$A$ woman starts from her home at $9.00\; am$, walks with a speed of $5\; km\; h^{-1}$ on a straight road up to her office $2.5\; km$ away, stays at the office up to $5.00\; pm$, and returns home by an auto with a speed of $25\; km\; h^{-1}$. Choose suitable scales and plot the $x-t$ graph of her motion.

(N/A) $1$. Time taken to reach the office:
Speed of the woman $= 5\; km\; h^{-1}$.
Distance between her office and home $= 2.5\; km$.
Time taken $= \frac{\text{Distance}}{\text{Speed}} = \frac{2.5}{5} = 0.5\; h = 30\; min$.
So, she reaches the office at $9.30\; am$.
$2$. Time spent at the office:
She stays at the office from $9.30\; am$ to $5.00\; pm$.
$3$. Time taken to return home:
Speed of the auto $= 25\; km\; h^{-1}$.
Distance $= 2.5\; km$.
Time taken $= \frac{\text{Distance}}{\text{Speed}} = \frac{2.5}{25} = 0.1\; h = 6\; min$.

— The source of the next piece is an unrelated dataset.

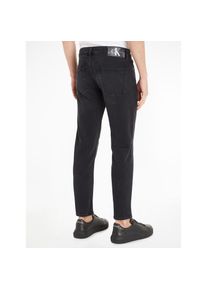 Calvin Klein Jeans Slim-fit-Jeans &raquo;SLIM TAPER&laquo; mit Markenlabel schwarz, Gr&ouml;&szlig;e 33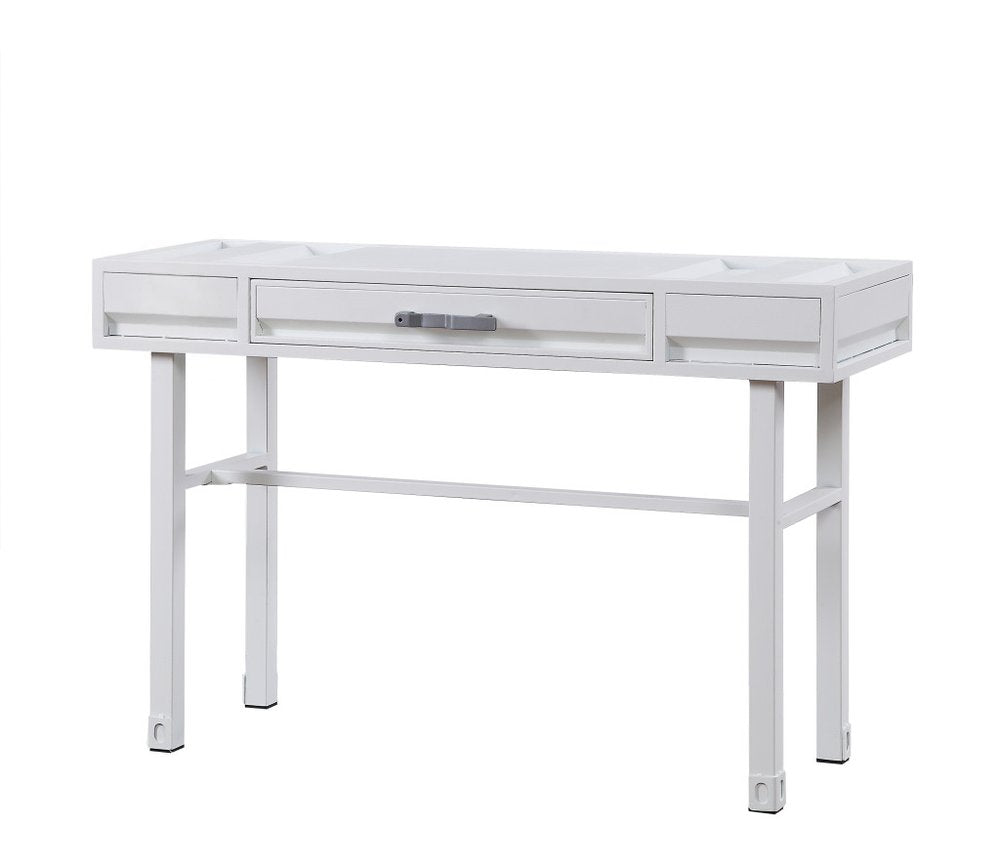 47" White Iron Vanity Table HomeRoots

She reaches home at $5.06\; pm$.
The $x-t$ graph shows the position $x$ (in $km$) on the $y$-axis and time $t$ on the $x$-axis. The graph is a straight line from $(9.00, 0)$ to $(9.30, 2.5)$, a horizontal line from $(9.30, 2.5)$ to $(5.00, 2.5)$, and a straight line from $(5.00, 2.5)$ to $(5.06, 0)$.